> DATASET RECORDS
━━━

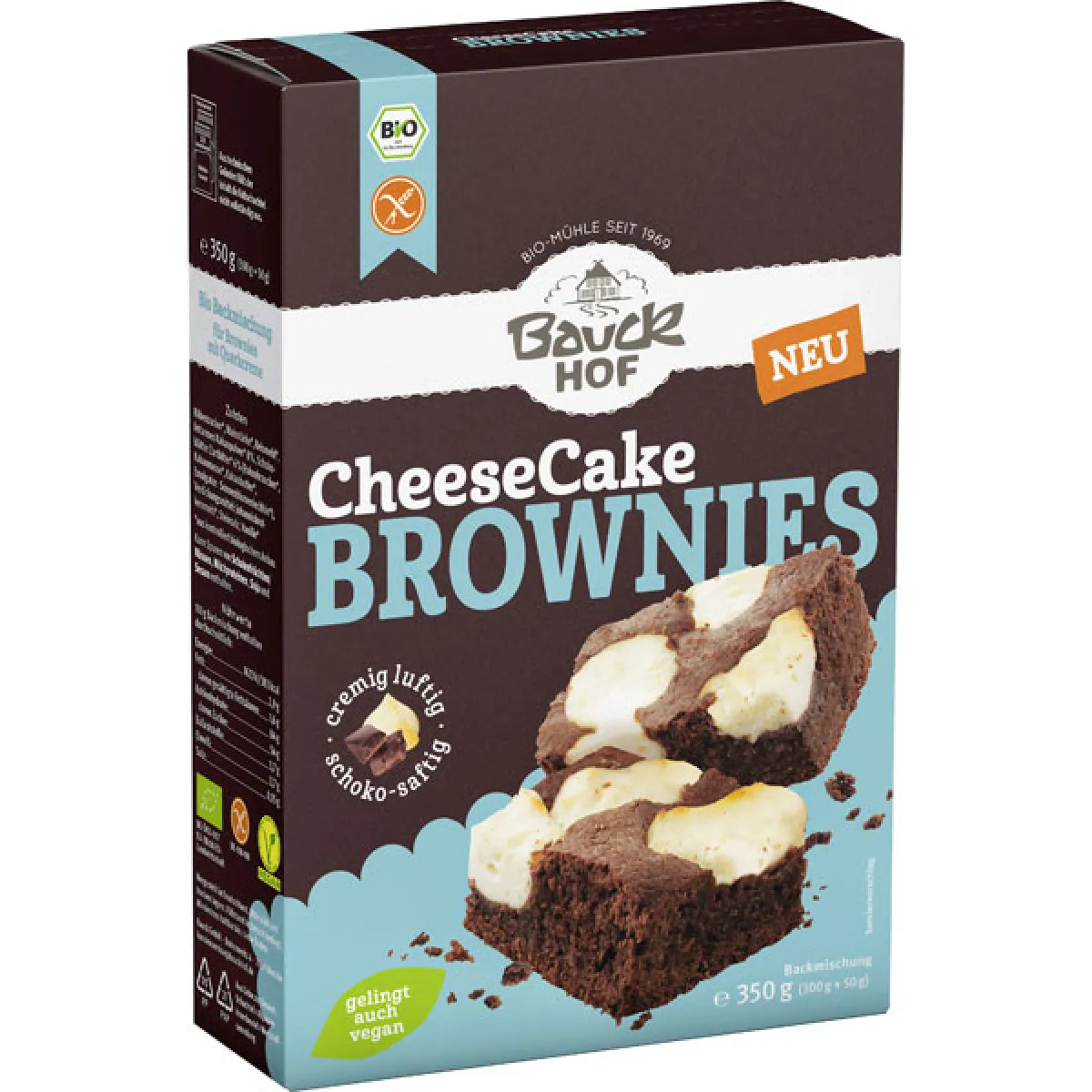 Bauckhof CheeseCake Brownies 350 g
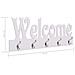 Appendiabiti A Muro Welcome Bianco 74x29,5 Cm - Foto miniatura 6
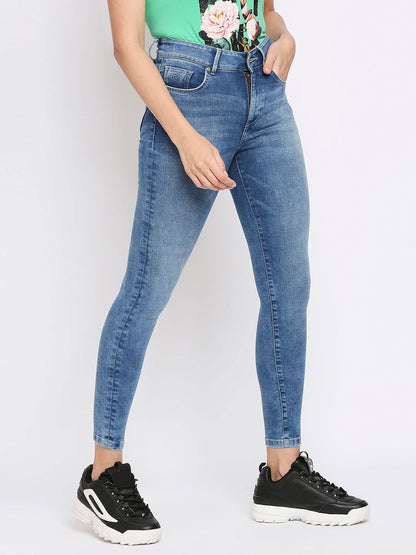 Being Human Women Skinny Fit Denim-Ice Blue - beinghumanbd - 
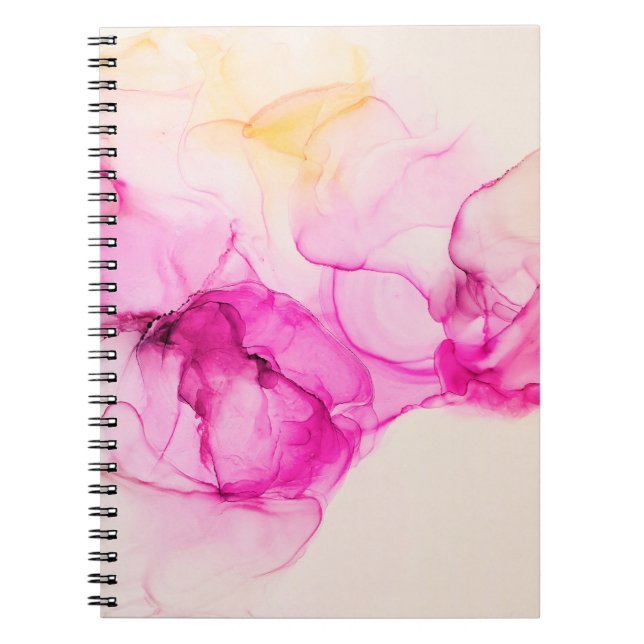 Alcohol ink sea texture. Contemporary art. Spots o Notebook (Front)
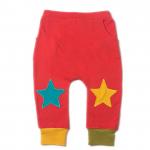 Pantaloni salvari din bumbac organic Little Green Radicals Red Star 3-4 ani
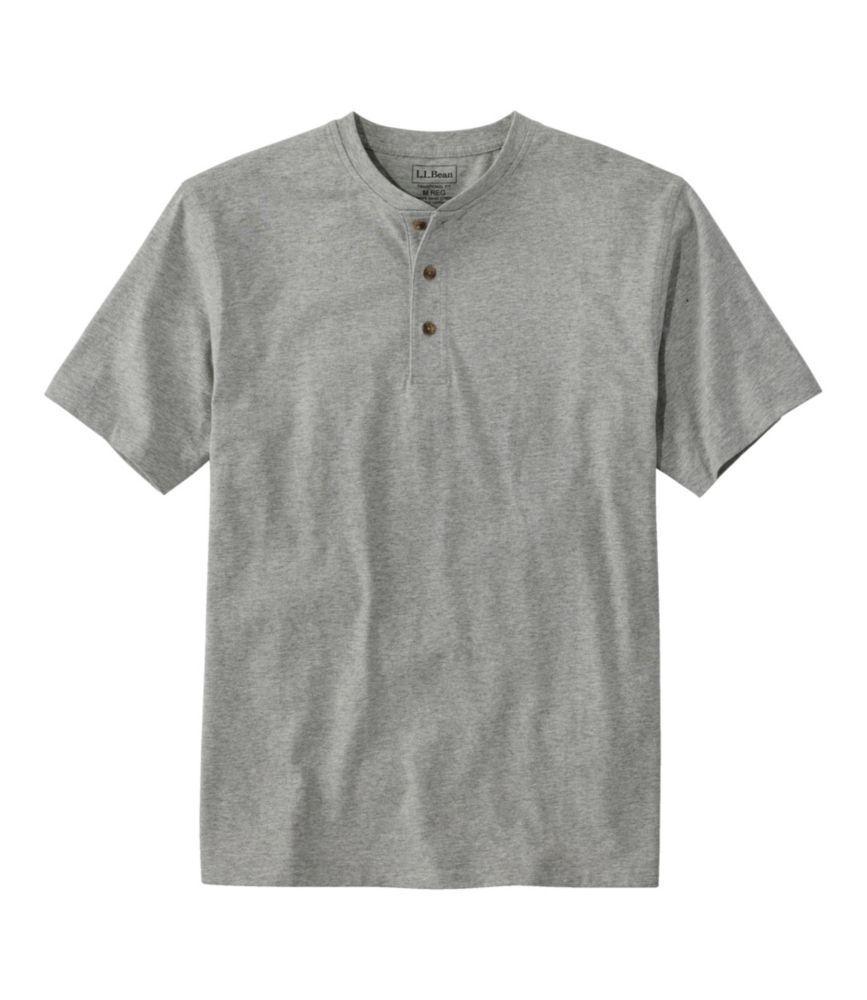 
                            Men's Carefree Unshrinkable Tee, Traditional Fit, Henley
                         Product Image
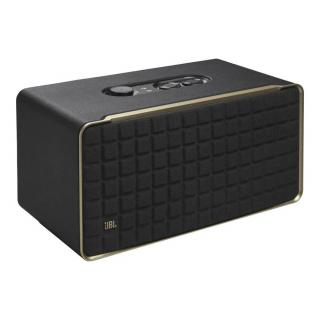 JBL Authentics 500 (Hi-Fi smart domáci reproduktor s Wi-Fi, Bluetooth a hlasovými asistentmi v retro dizajne.)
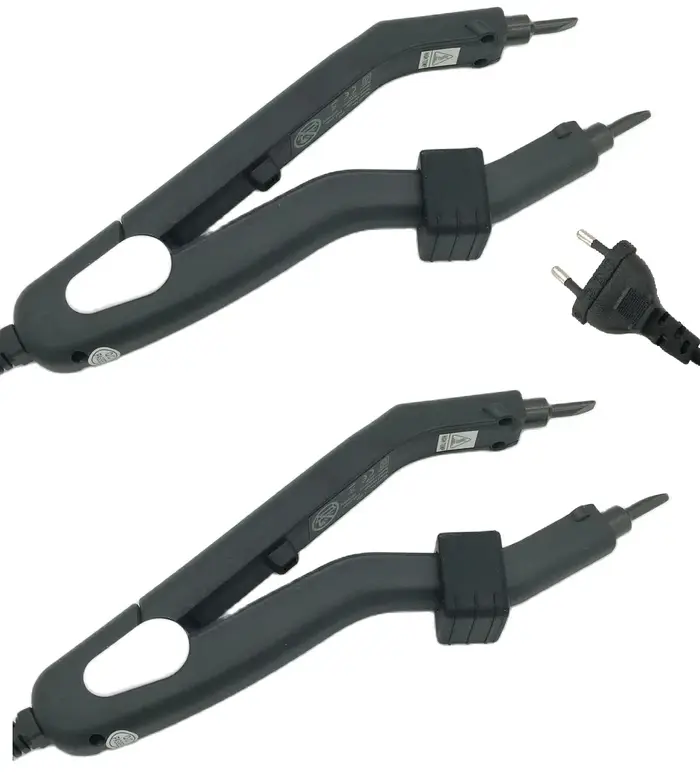 Pinces d'extension de cheveux à pointe chauffante-fer chaud pour connecteurs de machines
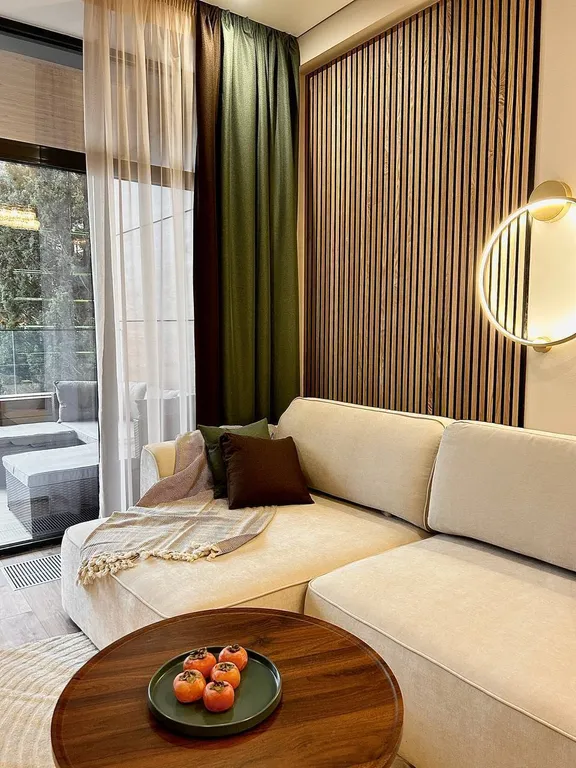 Двухкомнатный апартамент AURA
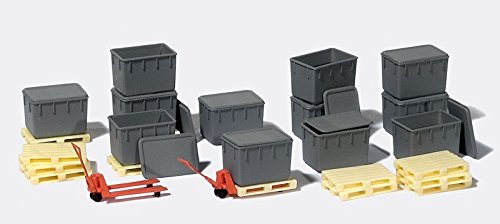 Preisvergleich Produktbild Preiser 31025 Kunststoffbehälter, stapelbar, Deckel lose. 12 Paletten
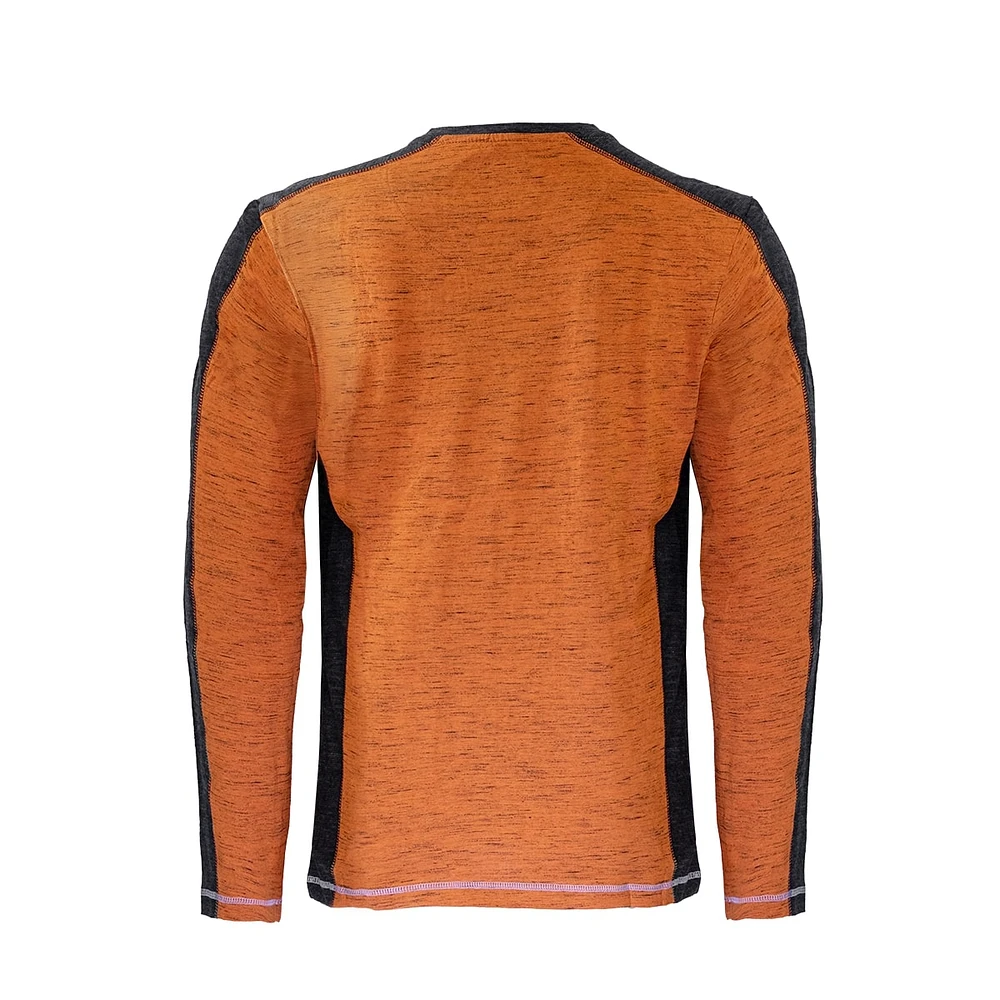 Oxygen orange Long Sleeve T-Shirt for Men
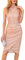 GRACE KARIN Femme Robe Paillettée Moulante au Genou Robe de Cocktail à Dos Nu avec Fermeture Éclair Cachée XXL Or Rose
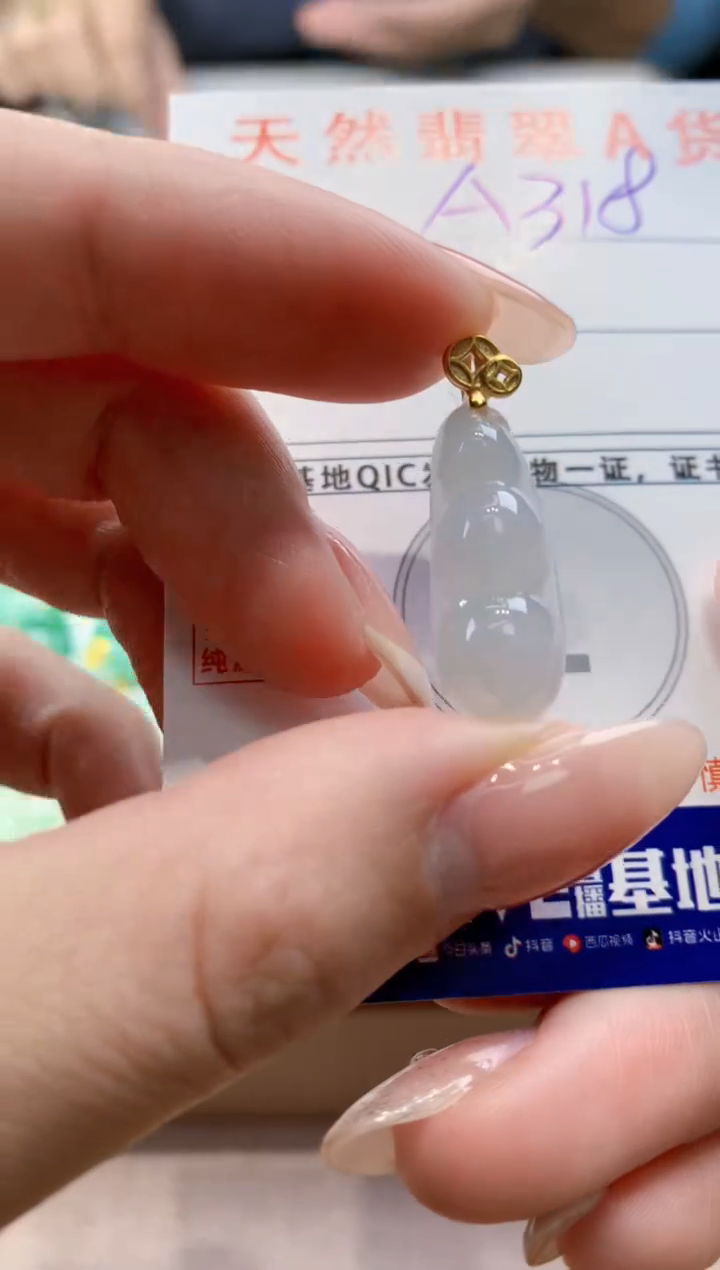 颈饰未镶嵌翡翠天然翡翠挂件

━━━

> EXERCISE AIM
The reply must hold each line of the records verbatim and no pictures.

> WRITTEN REPLY
 Bauckhof CheeseCake Brownies 350 g
 Appendiabiti A Muro Welcome Bianco 74x29,5 Cm - Foto miniatura 6
 Being Human Women Skinny Fit Denim-Ice Blue - beinghumanbd - 
 Alcohol ink sea texture. Contemporary art. Spots o Notebook (Front)
 Pantaloni salvari din bumbac organic Little Green Radicals Red Star 3-4 ani
                            Men's Carefree Unshrinkable Tee, Traditional Fit, Henley
                         Product Image
 JBL Authentics 500 (Hi-Fi smart domáci reproduktor s Wi-Fi, Bluetooth a hlasovými asistentmi v retro dizajne.)
 Pinces d'extension de cheveux à pointe chauffante-fer chaud pour connecteurs de machines
 Двухкомнатный апартамент AURA
 Preisvergleich Produktbild Preiser 31025 Kunststoffbehälter, stapelbar, Deckel lose. 12 Paletten
 Oxygen orange Long Sleeve T-Shirt for Men
 GRACE KARIN Femme Robe Paillettée Moulante au Genou Robe de Cocktail à Dos Nu avec Fermeture Éclair Cachée XXL Or Rose
 颈饰未镶嵌翡翠天然翡翠挂件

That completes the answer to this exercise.